_Task brief_
After locating the line that contains "White Ceramic Mug", output that line and each one following it, exactly, to the end of the entries. No pictures.

_Given records_
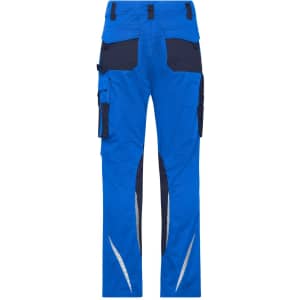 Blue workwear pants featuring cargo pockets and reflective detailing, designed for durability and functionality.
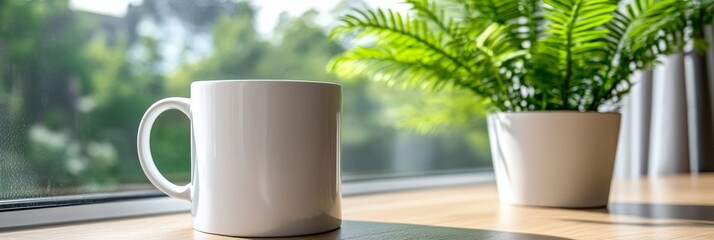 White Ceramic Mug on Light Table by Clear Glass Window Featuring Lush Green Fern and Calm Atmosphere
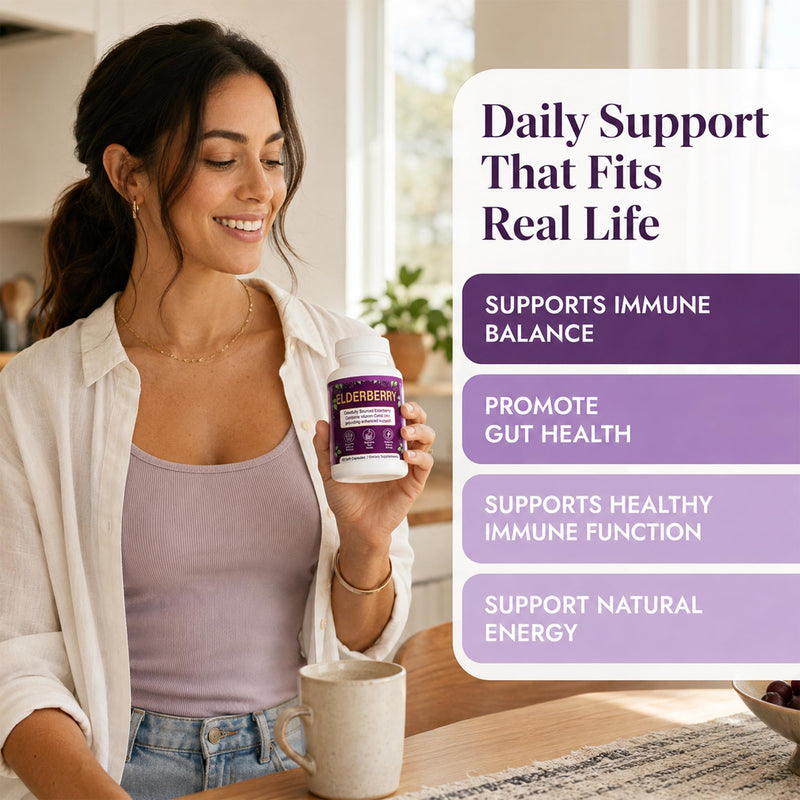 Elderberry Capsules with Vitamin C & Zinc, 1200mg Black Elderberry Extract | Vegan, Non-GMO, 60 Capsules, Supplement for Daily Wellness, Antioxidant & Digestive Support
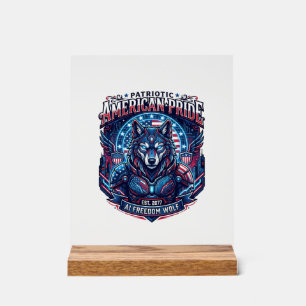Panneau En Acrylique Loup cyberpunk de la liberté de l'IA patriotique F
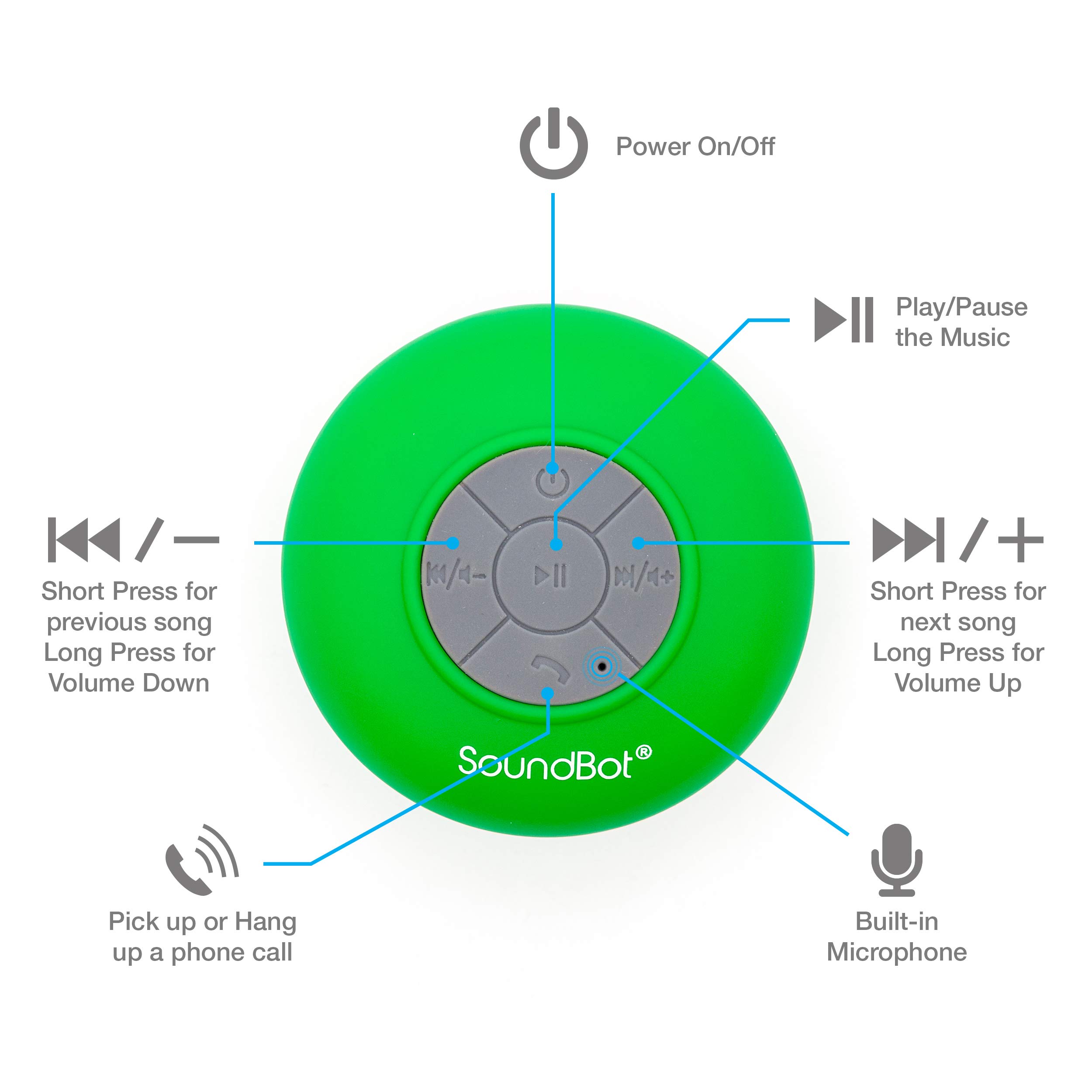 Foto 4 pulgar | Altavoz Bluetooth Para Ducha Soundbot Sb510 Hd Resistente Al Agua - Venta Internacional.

_Written reply_
 White Ceramic Mug on Light Table by Clear Glass Window Featuring Lush Green Fern and Calm Atmosphere
 Elderberry Capsules with Vitamin C & Zinc, 1200mg Black Elderberry Extract | Vegan, Non-GMO, 60 Capsules, Supplement for Daily Wellness, Antioxidant & Digestive Support
Panneau En Acrylique Loup cyberpunk de la liberté de l'IA patriotique F
 Foto 4 pulgar | Altavoz Bluetooth Para Ducha Soundbot Sb510 Hd Resistente Al Agua - Venta Internacional.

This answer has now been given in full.